> What is required
From the entries below, output the line with "Water black and" and each following line up to and including the line with "Uzun Kol Keten Elbise", exactly as written.

> Material to process
##############################
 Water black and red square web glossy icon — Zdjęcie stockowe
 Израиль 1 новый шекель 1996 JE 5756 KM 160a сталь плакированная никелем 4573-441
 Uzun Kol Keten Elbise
##############################
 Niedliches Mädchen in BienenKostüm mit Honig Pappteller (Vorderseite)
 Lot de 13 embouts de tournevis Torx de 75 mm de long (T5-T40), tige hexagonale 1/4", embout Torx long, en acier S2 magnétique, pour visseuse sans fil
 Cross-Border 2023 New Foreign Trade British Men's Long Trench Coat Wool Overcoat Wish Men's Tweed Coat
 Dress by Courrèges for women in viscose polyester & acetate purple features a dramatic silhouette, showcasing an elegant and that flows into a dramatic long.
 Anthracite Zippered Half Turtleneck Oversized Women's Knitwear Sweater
##############################
> Your solution
 Water black and red square web glossy icon — Zdjęcie stockowe
 Израиль 1 новый шекель 1996 JE 5756 KM 160a сталь плакированная никелем 4573-441
 Uzun Kol Keten Elbise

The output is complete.